Placing AEM under the control of Government is a bad solution

Centre for Civic Education (CCE) expresses concern over decision of Government of Montenegro to place the Agency for Electronic Media (AEM), an independent regulator for electronic media which exercises public jurisdiction in accordance with the Law on Electronic Media and operates in the public interest, under its direct control, as it was defined by new proposal of Law on State Administration.

At the session of the Government of Montenegro from 20/9/2018 a proposal of the Law on State Administration was determined by which in the Article 43, for the first time are introduced State agencies and it is prescribed that they are directly responsible for their work to the Government of Montenegro, while the Article 44 enhances this by determining that the Government elects and dismisses members of councils of state agencies. We support the systemic approach of regulation of state administration, which certainly opens up a space for greater level of coordination over the already existing agencies. However, AEM due to its importance, role and position in the system must not be treated in this manner and put in the same rank with the other agencies. Additionally, this solution is in contradiction with the principles of functioning of regulators in the media, and also the EU Directive on Audio-visual Media Services (AVMSD) which is due to be adopted soon, and which Montenegro is obliged to assume and apply, as a part of its regular obligations within the negotiation process.

Amendments to this Directive are precisely going against intentions of the Government of Montenegro to put a regulator under its direct control, i.e. they are going towards strengthening of independency of regulators. It is precisely prescribed that a regulator must be legally separated from the Government and functionally independent, i.e. that it must exercise its jurisdiction impartially and transparently and in the public interest.

AEM, as an independent and autonomous regulator should, among other, ensure improvement of quality and diversity of electronic media services, contribute to preservation, protection and development of freedom of opinion and expression, operate in the aim of protection of the public interest in the area of electronic media and protection of users of electronic media services in the manner appropriate to democratic society.
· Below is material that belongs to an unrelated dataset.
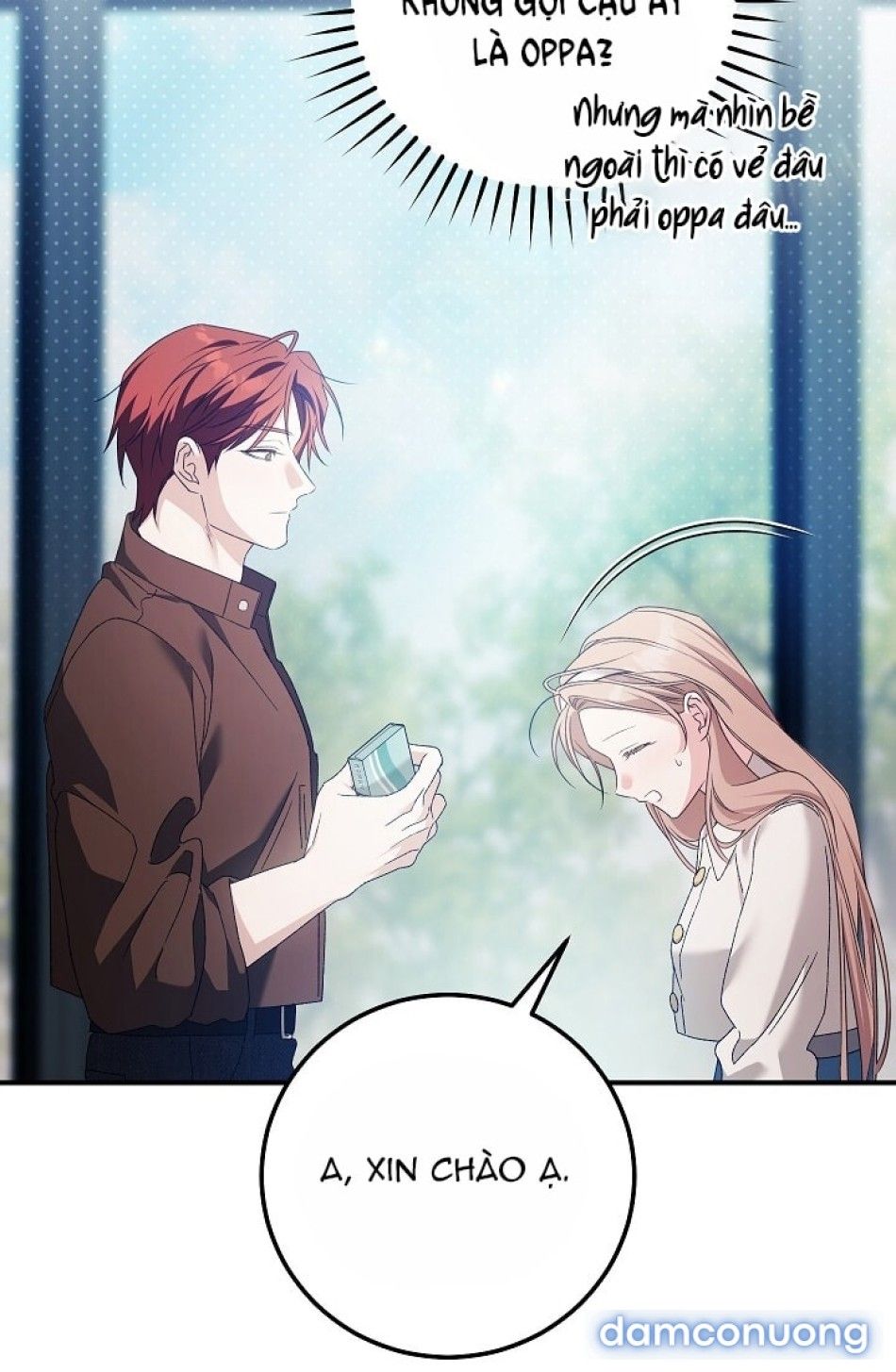 đọc truyện Mang Thai Ngoan Ngoãn Chương 11 ảnh 17 tại Thiên Thai Truyện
With all objections to the performance of AEM so far, to which the CCE also has pointed out, which relate to decisions or absence of decisions that have benefited the authorities, and instead of strengthening independency of this body in order to overcome identified problems, entirely different actions are being undertaken. This direction reveals an intention of the Government to take over the creation of policies in this area, bring the electronic media under its control, which certainly can jeopardize basic democratic principle in the area of freedom of expression and media.

It is also confusing the fact that representatives of the Ministry of Culture have announced amendments to the Electronic Media Law right upon adoption of amendments of the precisely mentioned EU Directive from this area, in order to harmonize the valid solutions with novelties that this Directive brings. This opens also an issue of inter-sectoral cooperation within the Government of Montenegro and harmonization of policies at the state level.

We invite MPs of Parliament of Montenegro to act by amendments and to change the proposed solution within the Parliament procedure by removing AEM from the scope of state agencies which Law on State Administration refers to. The proposed solution of the Government can contribute neither to the necessary improvement of situation in the media nor to acceleration of our path towards the EU.